- **Raw data**
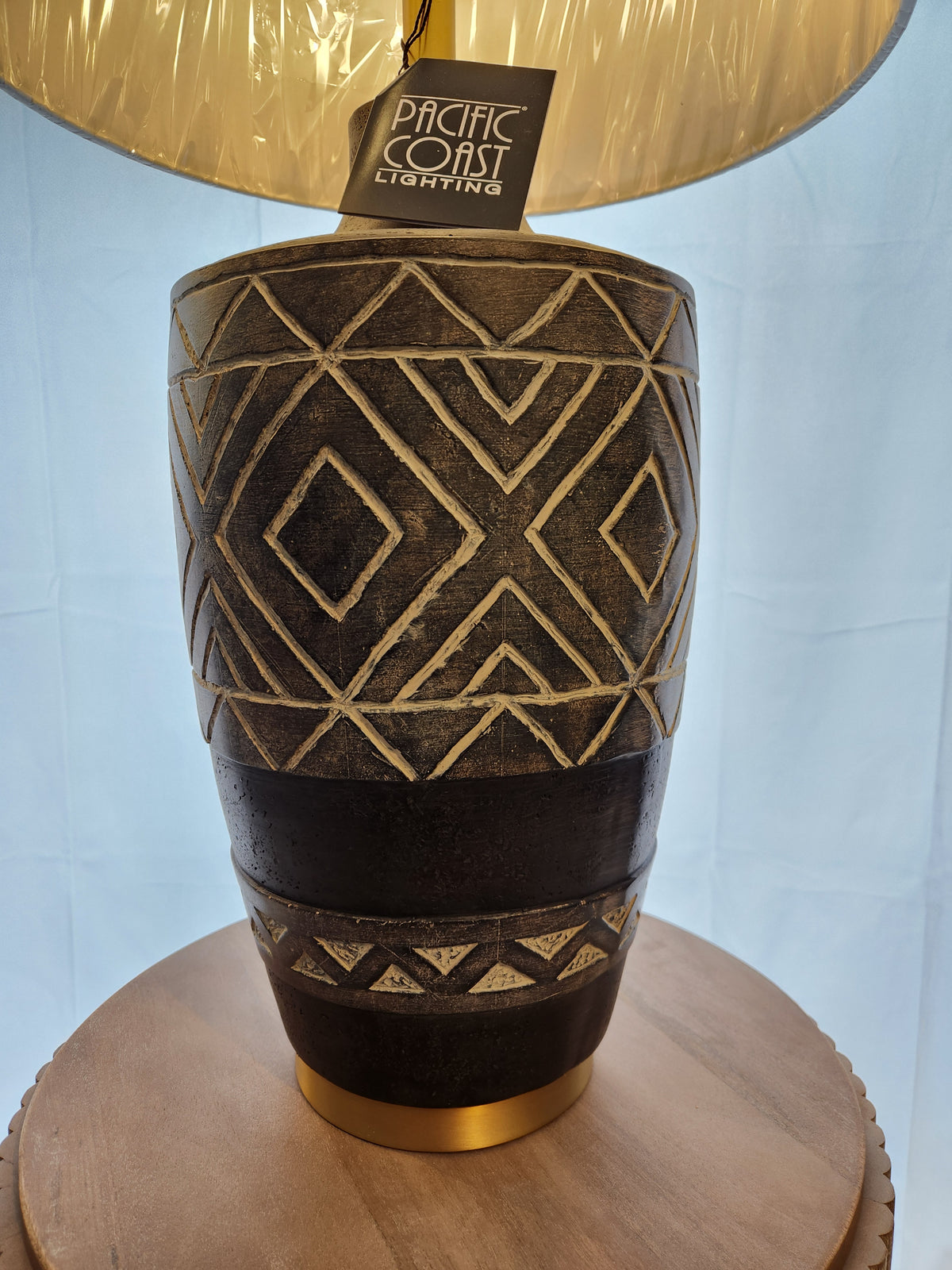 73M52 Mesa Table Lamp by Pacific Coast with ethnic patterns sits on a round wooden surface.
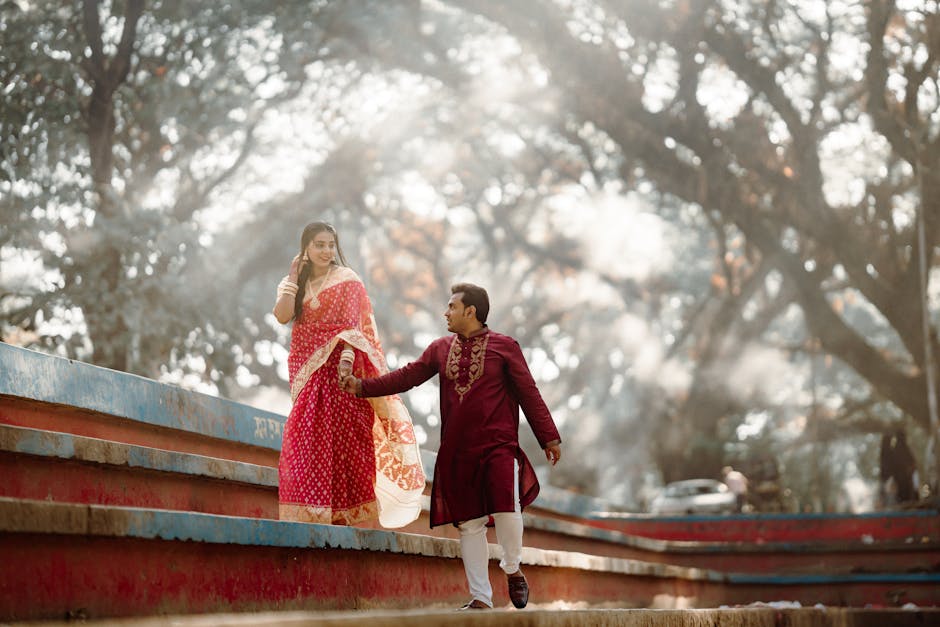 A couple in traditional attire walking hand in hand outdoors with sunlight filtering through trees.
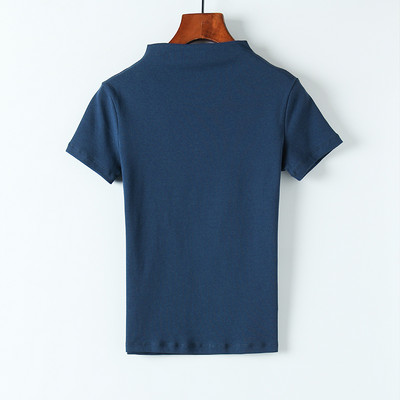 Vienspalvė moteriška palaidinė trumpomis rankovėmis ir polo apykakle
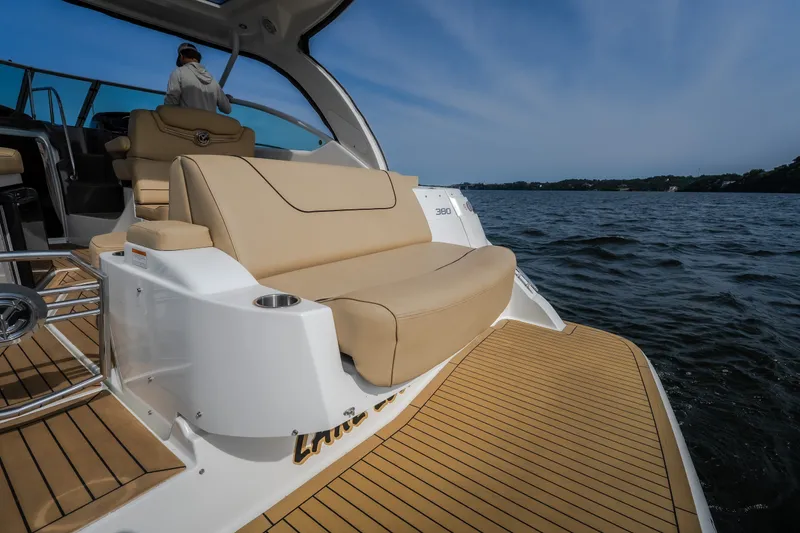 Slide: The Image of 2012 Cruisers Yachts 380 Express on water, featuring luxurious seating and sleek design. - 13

- **Exercise instructions**
Return all the data exactly, and keep the pictures out.

- **Answer**
 73M52 Mesa Table Lamp by Pacific Coast with ethnic patterns sits on a round wooden surface.
 A couple in traditional attire walking hand in hand outdoors with sunlight filtering through trees.
 Vienspalvė moteriška palaidinė trumpomis rankovėmis ir polo apykakle
 Slide: The Image of 2012 Cruisers Yachts 380 Express on water, featuring luxurious seating and sleek design. - 13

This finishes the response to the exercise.